By becoming member states of international organizations or acceding to international treaties, countries undertake extensive obligations in the sphere of human rights. Moreover - protection of human rights has come to be one of the fundamental principles of a state governed by the rule of law. This requires setting of this principle at the highest level – the Constitution. Today every constitution of democratic countries contains a longer or shorter catalogue of human rights.

In Latvia the idea of making the human rights catalogue part of the basic law was born back as long ago as 1922 together with the draft of the Satversme (Constitution of the Republic of Latvia). Unfortunately, it never materialized because the number of votes required for the adoption of Part II of the Satversme “The Basic Rules for the Rights and Obligations of the Citizen and a Person” was not collected in the Saeima (Parliament of the Republic of Latvia). After 4 May 1990 when the authority of the Satversme was re-established, the role of the national human rights catalogue was assigned to the Constitutional Law “Rights and Obligations of the Citizen and a Person”. Regrettably, for a number of reasons, one of which being lack of formal constitutional status, this constitutional law never proved to be effective. In February 1996 draft amendments to the Satversme were submitted to the Saeima and finally on 15 October 1998 the Saeima added Chapter 8 - “Fundamental Rights of the Individual” - to the existing seven chapters of the Satversme.

Chapter 8 of the Satverme came into force on 6 November 1998 implying that henceforth any decision taken in relation to an individual should be in conformity with the rights guaranteed by the Satversme. However, there is no perfect clarity as to the content of the rights provided for in the Satversme, therefore interpretation of legal norms becomes especially important. Here one should resort to international human rights standards and the practice of institutions applying them.
One of the international treaties that can be of considerable help to law scholars and practitioners in clarifying the content of human rights standards is, as pointed out by the authors of this publication, the European Convention on Human Rights. The latter was ratified by the Saeima on 4 June 1997. By applying human rights standards in their daily practice, the European Court of Human Rights and, formerly, also the European Commission of Human Rights, have created a good theoretical and practical basis for the Convention to become one of the most efficient tools of human rights protection in the whole world.

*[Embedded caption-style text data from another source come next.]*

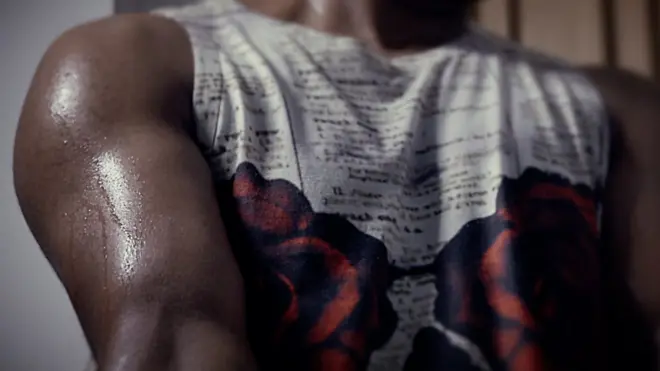 ہم جنس پرستی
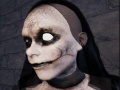 Jeu Soeur Maléfique: Horreur Effrayante en ligne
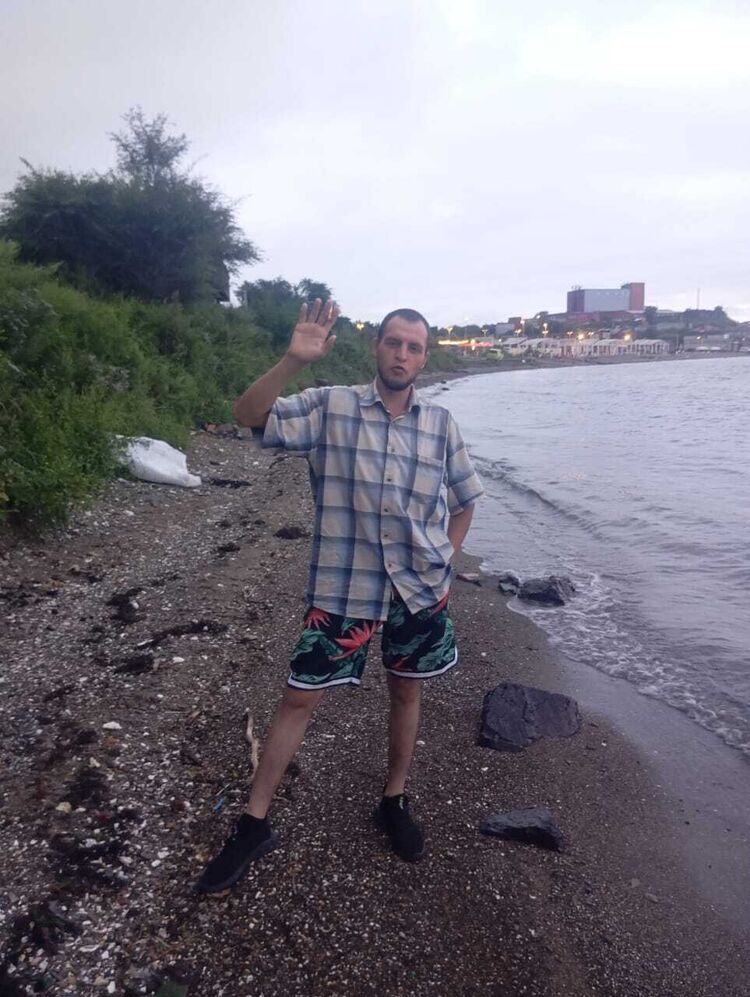  ,   , 36 ,   c 
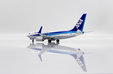 ANA- All Nippon Airways Boeing 737-700 (JC Wings 1:200)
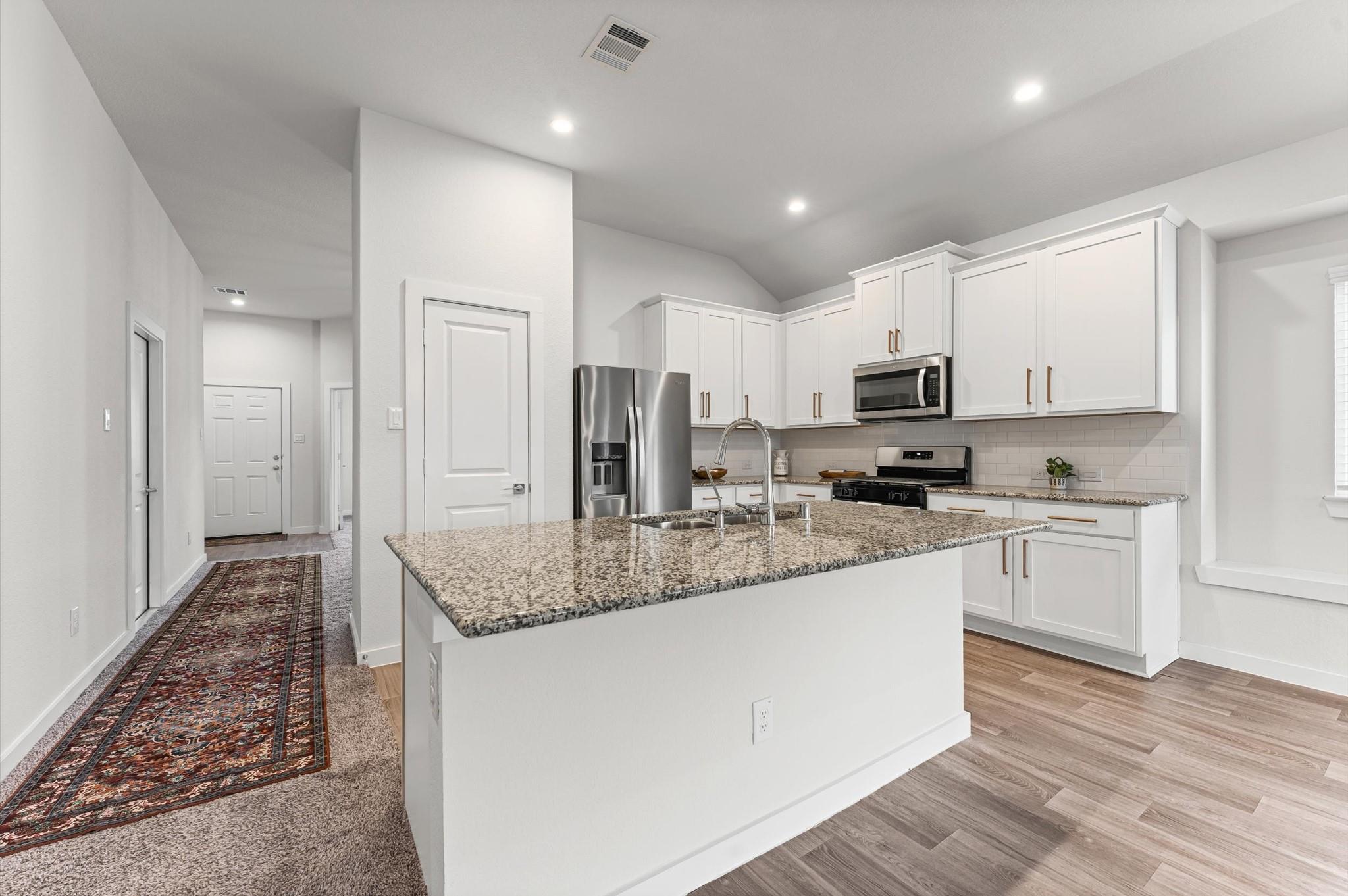 21431 Indigo Ruth Drive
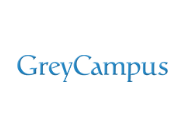 GreyCampus coupon and promotional codes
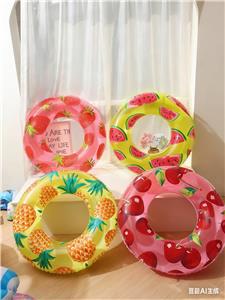 Swimming toys - OBL10421891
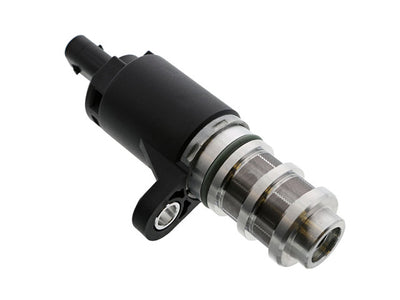 BMW Engine Oil Pressure Control Valve Electro-Hydraulic | 2010-2019 11417622768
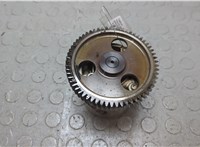  Насос масляный Mercedes C W204 2006-2015 20689541 #1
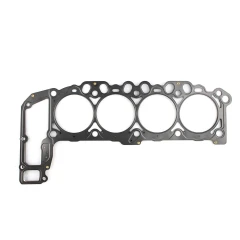 Cylinder Head Gasket Chrysler 1999-2007 4.7L PowerTech .070" MLS , 95mm Bore Cometic C5214-070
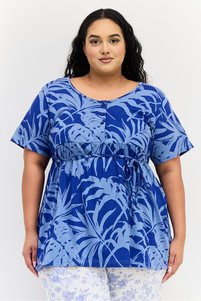 Related product image Zivame Blouses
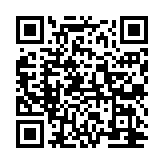 SaSr(sh)Sؿ(xin)·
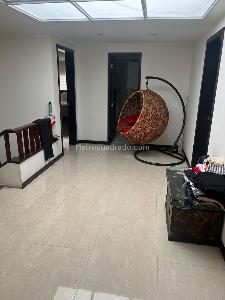 Casa de 3 alcobas en venta en Potosi, Bogotá, 288 m² · foto 12 de 16
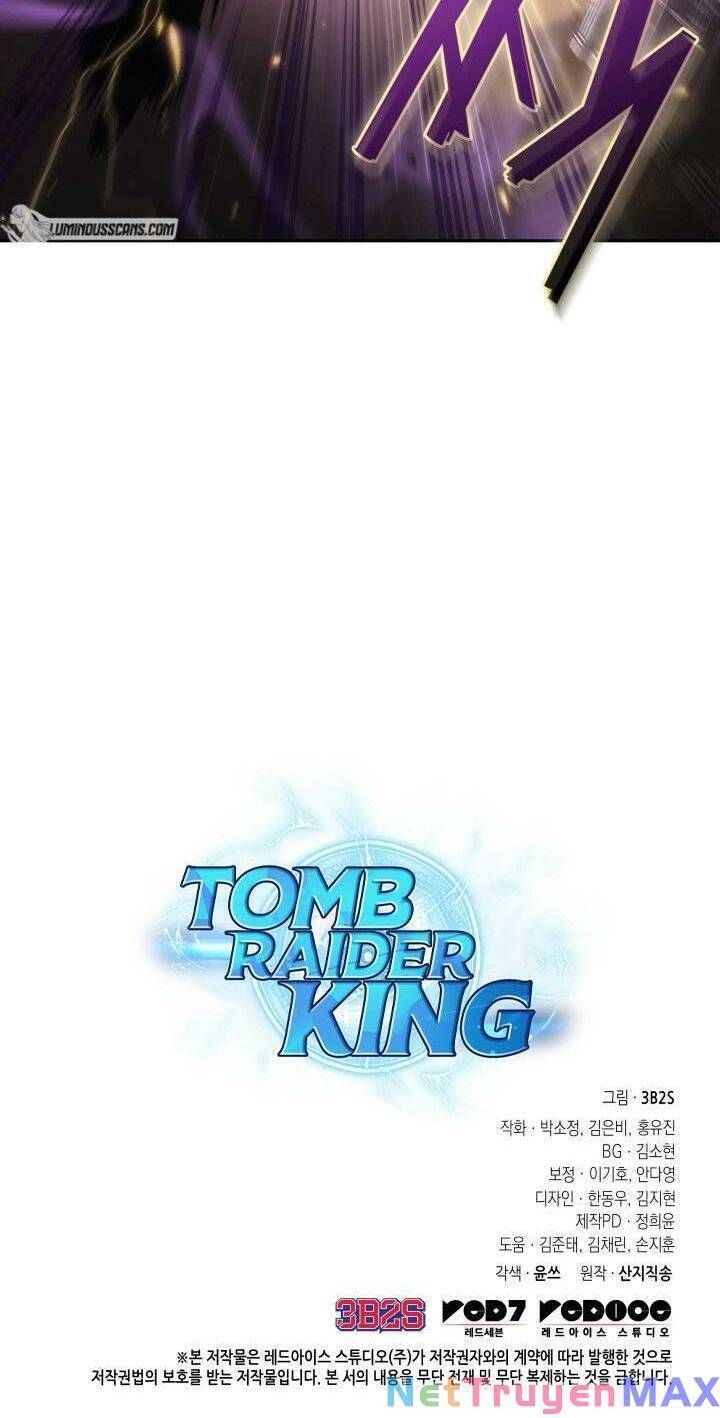 đọc truyện Vua Trộm Mộ Chương 358 ảnh 52 tại Thiên Thai Truyện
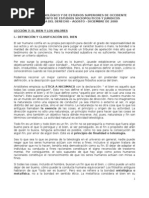 2._El_bien_y_los_valores_(Instituto_Tecnológico)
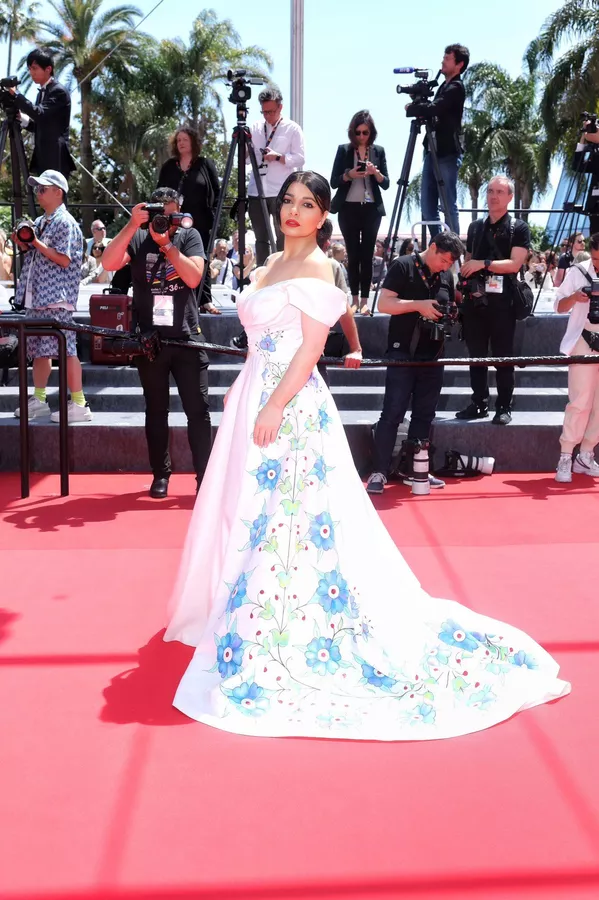 © Photo : Social media of Shushan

Therefore, besides articles devoted to analysis of the rights set forth in the Satversme in the light of the European Convention on Human Rights, this issue also contains a Constitutional Court judgment in which the Court, on the basis of case-law of the European Court of Human Rights, analyses conformity of the Latvian legal norm on coercive expropriation of property with Article 1 of Protocol 1 to the European Convention of Human Rights. Readers can also familiarize themselves with the judgment of the Supreme Court in which the Court - for the first time in its practice - applies Article 92 of the Satversme, containing the guarantees of the right to a fair trial. This issue also contains the first judgment in Latvian Legal history where crimes committed by occupying regimes, namely the part of Alfons Noviks, the head of Soviet repressive organs, in the genocide against the Latvian residents, are examined.

Supplementation of the Satversme with a chapter on fundamental rights is an outstanding event in the development of the Latvian legal system. Given the importance of the subject, readers are offered a yearbook amounting to four single issues of the Latvian Human Rights Quarterly. We hope that this compilation will give a good insight into the theory and practice of Latvian constitutional law for all those interested in these problems.